Cut-Rate Comebacks

Stryper leads the charge of reunion shows nobody asked for.

Good God: Stryper is back.
Good God: Stryper is back.
The only thing worse than a Stryper reunion tour is Stryper's justification for a reunion tour.

"I feel that God's hand was involved in it," frontman Michael Sweet recently told Glam-Metal.com. Maybe so, Mike, but if the Good Lord were indeed lending a hand, it surely would be to flip you the bird.
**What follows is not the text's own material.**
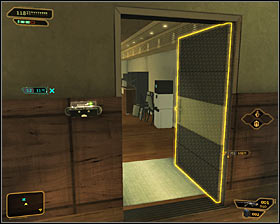 3 - Bar Tab (steps 5-7) - Side quests - Deus Ex: Human Revolution Game Guide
Even Christ probably prefers not to mix his rock with religion. Stryper -- four longhairs in black-and-yellow spandex, wielding Aquanet for the Almighty -- was one of the first groups to force the two together. They were platinum proselytizers, emboldened by their debut album, To Hell With the Devil, which paved the way for Scott Stapp and company a decade later. If Stryper's Christian rock sounded no worse than that of its glam-rock peers, at least Poison had the good sense to sing about getting laid.
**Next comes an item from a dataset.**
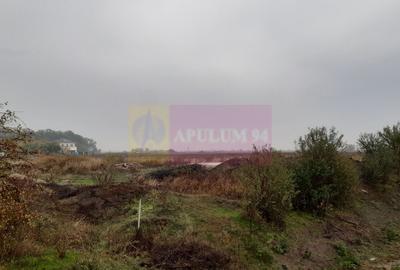 Teren Corbeanca în zona Cantonului aproape de A0 - 26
Now a spandex-free Stryper is back, for some reason other than popular demand. Its stop at the Phantasy this Friday, October 10, gives us occasion to reflect on the lamest rock reunions in recent memory. Stryper fits in admirably on this shit list:

The Dead Kennedys
Forget about lynching the landlord, let's lynch East Bay Ray, D.H. Peligro, and Klaus Flouride for resuscitating the legendary California band without Jello Biafra, its punk-politico frontman. His whining about stealing people's mail and killing the poor, shouted over jet-powered guitars, was a tad over the top; it also lent DK a sardonic edge that nobody else could match. But after a falling-out that led the remaining members to sue Biafra and his Alternative Tentacles label for back royalties (a suit the band won), Jello wanted no part of the DKs' reunion tour. And so the group enlisted former child actor Brandon Cruz, late of The Courtship of Eddie's Father. Yuck. We'd rather watch Diff'rent Strokes reruns.

Kingdom Come
After waiting two decades for a Led Zeppelin reunion, we're instead rewarded with an encore from these Page and Plant pretenders. When Kingdom Come's first single, "Get It On," dropped in 1988, many thought it marked an actual Zeppelin reunion. Turns out it was a gang of counterfeit cock-rockers, and a backlash quickly ensued (the band came to be known as Kingdom Clone). A pair of follow-up records tanked, which sent Kingdom Come off to that fertile land for washed-up rockers: Germany. They played off and on throughout the '90s, and now they're hitting the road this winter. Here's hoping this Kingdom comes and goes quickly. Or not at all.

Toto
Appropriately named after a dog, this pop-rock sextet was the Carl Lewis of crappy late '70s bands, outpacing such formidable competition as Styx, Foreigner, Kansas, and Boston. All the AOR abominations loomed large: nancy-boy vocals, masturbatory guitars, queasy keys, albums with swords on the cover. Combined with stomach-turning odes to Rosanna Arquette and dragons, it all rang with the melodic quality of an airhorn. The band is back on the road these days, following a decade of sporadic recording that no one actually ever listened to.

Thin Lizzy
There's not enough whiskey in any jar for us to buy into Thin Lizzy's amazingly half-assed stab at a reunion. Lizzy was bassist/frontman Phil Lynott; when he died, so did the band. Lynott wrote the lion's share of the material, including "The Boys Are Back in Town" -- the song that made Thin Lizzy famous. Lynott's charisma and working-class prose were the reasons to tune in. The only member of the original band that's part of the current lineup is second guitarist Scott Gorham, who had only sporadic songwriting credits throughout its run. Whitesnake wanker John Sykes is also on board, having contributed to Lizzy's lukewarm final LP, Thunder and Lightning. The band hits Peabody's on October 20 with Cleveland metal favorites Boulder, whose dual-guitar fireworks sound more like vintage Lizzy than the headliner will.